As promised, this is the first in my Friday series called “Keeping the Sparks Alive!” in which you’ll receive links and suggestions from various experts on how to keep the sexual part of your marriage union in top-notch shape.

While it’s true every marriage has its ebbs and flows as far as sexual excitement (early parenthood being a recognized low for most couples), sexual intimacy should not be placed on the back burner for too long, or the marriage could be irreparably harmed. Remember that while many of the tasks you provide for your family can be outsourced, only spouses can (or should) satisfy sexual needs and desires. It’s a critical component of any marriage.

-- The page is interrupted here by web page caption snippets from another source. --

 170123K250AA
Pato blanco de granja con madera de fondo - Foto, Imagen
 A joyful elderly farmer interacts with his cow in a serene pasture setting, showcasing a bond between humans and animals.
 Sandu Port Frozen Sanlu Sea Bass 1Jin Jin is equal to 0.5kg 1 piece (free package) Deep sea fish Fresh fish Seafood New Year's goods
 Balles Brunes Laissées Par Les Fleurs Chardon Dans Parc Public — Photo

I’ll begin this series with some resolutions to consider for 2011 from sex and relationship expert Ian Kerner. Joy Behar on CNN interviewed him to ask for some sex resolutions to assist couples. He advised the following:

  1. Have sex once a week. (See note below regarding how to determine the ideal frequency for your marriage.) Make time for it, and get in the mood. Sometimes you have to put your body and mind through the motions before you feel in the mood. If you wait until the stars align and the laundry is complete, it may never happen.
  2. Have a positive relationship with positive interactions if you want to have a sexy marriage. Don’t call your partner names or complain about work, chores or the bills when you meet at the end of the day—then expect your partner to feel amorous.
  3. Invest in your relationship. Kerner says while many couples cut back on date nights and vacations last year due the recession, it’s time to put the investment back in these important activities. After all, he says, divorce is even more expensive.
  4. Cultivate intimacy outside the bedroom. A 30-second hug helps women raise their oxytocin levels (those feel-good hormones released during sex or breastfeeding). For men, it takes a 60-second hug to have this effect.

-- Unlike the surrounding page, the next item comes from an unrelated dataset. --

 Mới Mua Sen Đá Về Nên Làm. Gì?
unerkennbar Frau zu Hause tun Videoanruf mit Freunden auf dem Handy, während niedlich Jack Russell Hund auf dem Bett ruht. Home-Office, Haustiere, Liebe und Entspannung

Those sound like realistic goals, no? Regarding the ideal sexual frequency for couples, author and marital therapist Michele Weiner-Davis says this is a common area of conflict for couples. She says in case you are wondering, the average American couple has sex 1.5 times per week. However, what works well for one couple doesn’t work well for another. The right frequency is whatever works for you both. The problem lies when one spouse has a much higher or lower sex drive than the other. What’s a couple to do?

The worst thing they do is argue about “who is right” and “who is wrong,” she says. Don’t debate it, but do discuss how you might meet in the middle and attempt to meet both people’s needs.  Maintain ongoing communication without being harsh to one another.

Interesting links this week:

I also promised more links this year to other posts. This one by Laura Munson at Huffington Post is a nice follow-up to my first happiness post. Laura found new freedom after letting go of suffering and choosing happiness. Read Laura’s article Living the New Year moment by moment.

Fox News featured Alisa Bowman’s 7 Ways to Fix a Marriage.

The Generous Husband generously posted a guest post by yours truly called 7 Ways a Man Truly Loves a Woman. He also had an interesting idea to come up with three things you each want to change about your marriage this year, one easy, one medium difficult and one that would take effort. Read it here.

Neuroscientists are discovering any time we feel safe, warm, loved, and cherished, we activate the release of small doses of oxytocin in the brain. And oxytocin is the brain’s direct and immediate antidote to cortisol (the stress hormone). If you’re interested in a scientific explanation of how oxytocin levels cancel out stress, check out this article The Neuroscience of Resilience. I especially liked the last few paragraphs.  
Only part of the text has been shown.